§ **EXERCISE GOAL**
Each line of the data below should be restated exactly, with images left out.

(Scraped caption text data)
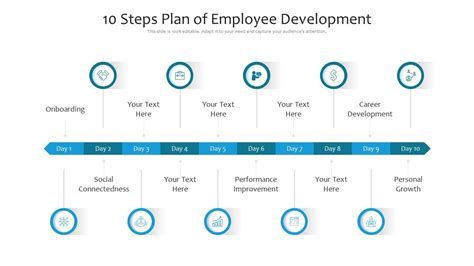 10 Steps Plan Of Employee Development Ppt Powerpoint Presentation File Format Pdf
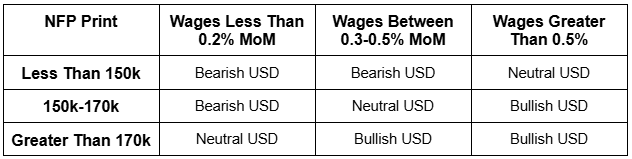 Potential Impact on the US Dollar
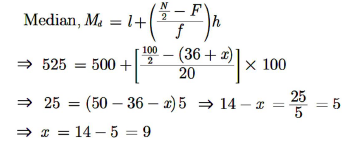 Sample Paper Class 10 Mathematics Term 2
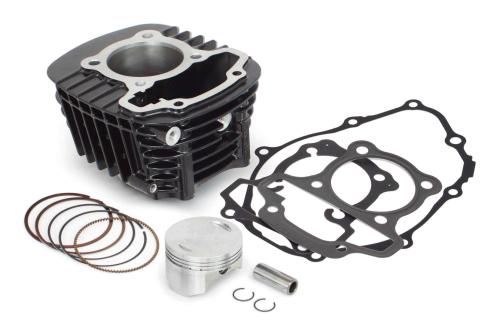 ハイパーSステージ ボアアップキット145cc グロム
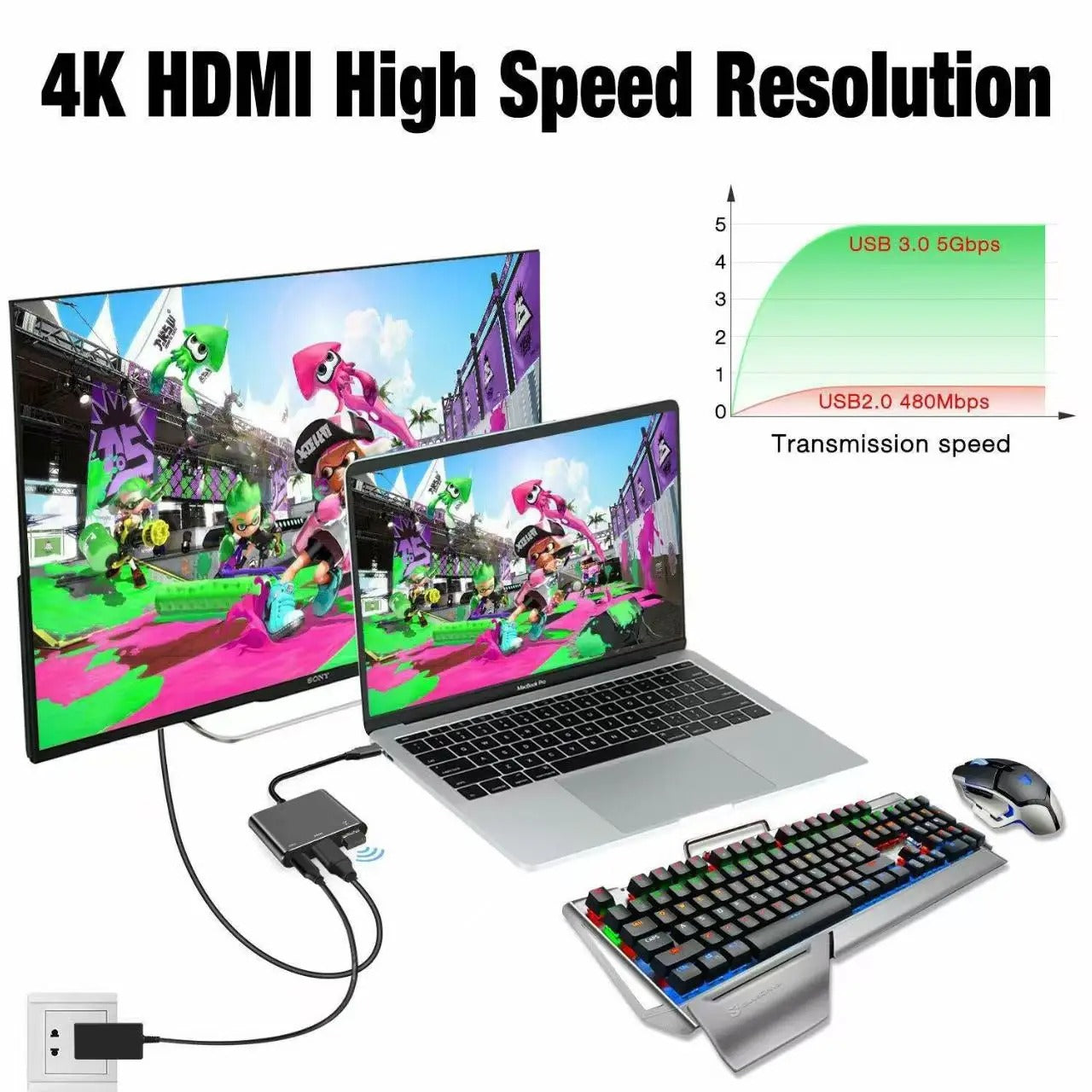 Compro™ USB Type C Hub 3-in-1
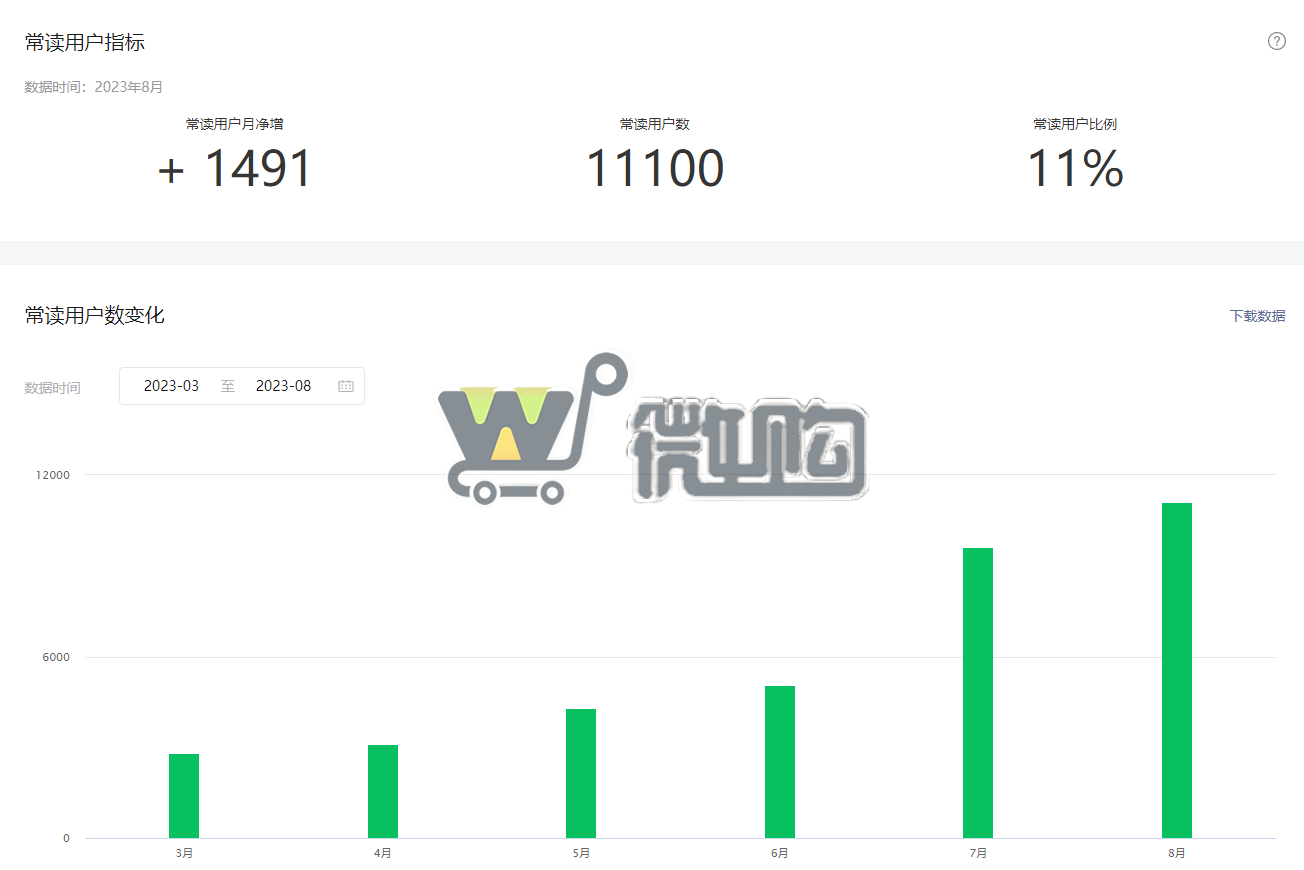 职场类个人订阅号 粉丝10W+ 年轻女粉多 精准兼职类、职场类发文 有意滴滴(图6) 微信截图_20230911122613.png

§ **ANSWER FOR THE TASK**
 10 Steps Plan Of Employee Development Ppt Powerpoint Presentation File Format Pdf
 Potential Impact on the US Dollar
 Sample Paper Class 10 Mathematics Term 2
 ハイパーSステージ ボアアップキット145cc グロム
 Compro™ USB Type C Hub 3-in-1
 职场类个人订阅号 粉丝10W+ 年轻女粉多 精准兼职类、职场类发文 有意滴滴(图6) 微信截图_20230911122613.png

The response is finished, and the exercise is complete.